Published On 09/23/2015 Published On 09/23/2015
tallulah gorge
tallulah gorge | Sean Pavonne/Shutterstock

Election Season 2016 was incredibly stressful, which made it easy to forget exactly how great we have it in Georgia. From the Beltline to Downtown skyline, there are a lot of beautiful things around here... so many, in fact, that it’s almost impossible to keep track of them all. That's why we’ve rounded up 13 of Georgia’s most magnificent places that you absolutely need to experience. Get to cascading waterfalls or mountain gorges this weekend, take a deep breath, and finally relax.

Tallulah Gorge

Tallulah Falls
A 1,000ft-deep gorge that’s nearly two miles long, TG is the deepest gorge east of the Mississippi, and is more aptly called Tallulah Gorgeous, especially when you consider the nearly 2,700-acre Georgia state park adjacent to it. With six waterfalls, which cause the river to drop 500ft over one mile, an 80ft-high suspension bridge, and ample hiking and biking space, it’s literally breathtaking. Pro tip: if you want to hike the gorge floor, get there early for a permit -- and keep in mind they’re not available during water releases.

DnDavis/shutterstock

Wormsloe Plantation

Savannah
This 822-acre historic site near Savannah boasts the ruins of a fortified home constructed by one of Georgia's colonial founders, Noble Jones; a museum; an interpretive center focusing on daily life in the 1700s; and, most importantly, a picturesque oak-lined 1.5-mile avenue that’s as romantic… um, that’s as romantic as any place where slavery was once practiced anyway.

Isaenko/shutterstock

Arabia Mountain

Lithonia
Arabia Mountain is one of only 49 National Heritage Areas in the country, i.e., places recognized by Congress for their peerless contribution to the nation’s history. What you’ll appreciate most, though, is its starkly beautiful granite landscapes, incredible, awe-inducing views, and dozens of brilliantly colored rare plant species. If a more serene place exists, we haven’t found it yet.
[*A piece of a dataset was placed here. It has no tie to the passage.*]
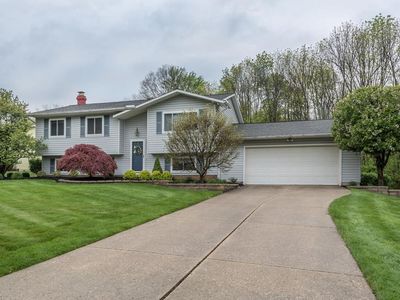 330 Hyder Dr, Madison, OH, 44057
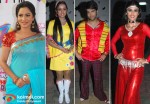 Akshay Kumar, Aishwarya Rai's 'Action Replayy' Party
Christopher May/shutterstock

Lullwater Park  

Atlanta
Despite being smack dab in the middle of the city, Lullwater Park is a total retreat. You can't hear the cars zipping by over the quiet sounds of leaves rustling in the trees, but you can zone out and enjoy exploring the old water mills. When it comes to parks, Lullwater really has it all: shade and sun, hills and open fields, multiple trails, peaceful running water and fishing ponds, and beautiful serenity. It’s basically nature’s answer to a stiff after-work drink.
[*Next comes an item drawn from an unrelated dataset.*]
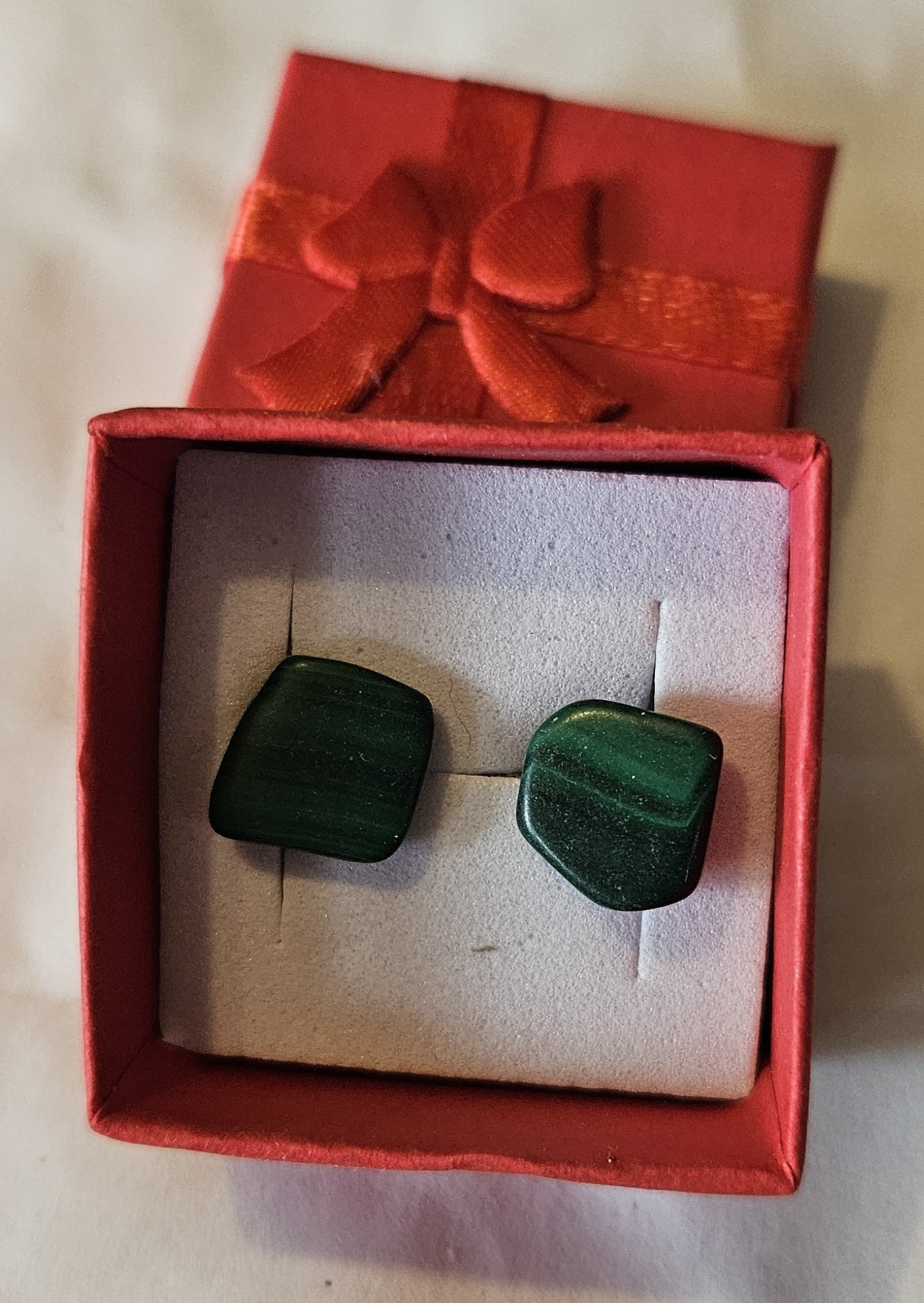 Malachite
Morningside Nature Preserve

Morningside
A true hidden gem tucked away by the CDC, Morningside Nature Preserve is a secret even to many who live in the neighborhood. It’s a great place for hiking, trail running, walking, letting dogs frolic, or simply forgetting that a huge metropolis is hidden behind the lovely trees, trails, brush, creeks, suspension bridge, and sandy beaches. Seriously, you’ll feel like you actually got away without ever really leaving the city.

Flickr/JR P

Callaway Gardens

Pine Mountain
A public garden and resort on 14,000 acres of beautiful Appalachian foothills near Pine Mountain, Callaway Gardens is teeming with gorgeous views of multiple multi-acre kaleidoscopic flowers gardens, and much more, including some legit golf course action, too.

kurdistan/shutterstock

Panther Creek Falls

Clarkesville
Despite being landlocked, Atlanta has some really gorgeous bodies of water nearby, including the stunning Panther Creek Falls, a cluster of multi-tiered waterfalls that drop into a pool of clear, beautiful water below. Oh, and if you want to do more than simply bask in the falls’ cool serenity, you can enjoy the nearly six-mile Panther Creek Trail that runs alongside.

Flickr/Kevin Trotman

Etowah Indian Mounds

Cartersville
This 54-acre site is the most intact Mississippian culture (a mound-building Native American civilization) site in the Southeast, and it features six earthen mounds, a plaza, village site, borrow pits, and a defensive ditch. Artifacts at this archaeological site include huge, hand-carved stone effigies that still have some original pigments. No doubt: this is one of the coolest history lessons you’ve ever had.

ruzgar344/shutterstock

Montaluce Winery

Dahlonega
Nestled away in Dahlonega is a Montaluce, a stunning winery (and upscale restaurant!) that offers not only fresh, artisanal wines but also breathtaking views of both the North Georgia Mountains and the sprawling vineyards responsible for all that sweet vino. It also offers events such as deluxe wine tastings, nature hikes, tours, holiday festivities, and more. Pro tip: splurge on a meal and at least a case of wine. You won’t regret it.

Okefenokee Swamp

Florida/Georgia border
The largest intact freshwater and black water wilderness swamp in North America, Okefenokee Swamp has to be seen to be believed. It’s full of vegetation and animals you’ve probably never seen before, like alligators and cranes. Check it out via paddle/motor boat water trails that are the sweetest way to explore the indigenous creeks called “The Land of Trembling Earth.”

Flickr/David Noah

Providence Canyon State Park

Lumpkin   
Yes, that’s in Georgia. While much of the state thinks little, if anything, south of Atlanta is noteworthy, Providence Canyon State Park proves them wrong. The 1,000-plus-acre park contains Providence Canyon, which is known as “Georgia’s Little Grand Canyon” because the massive, up-to-150ft gullies resemble the real thing so closely. They definitely look like nothing else you’ll find in the Peach State.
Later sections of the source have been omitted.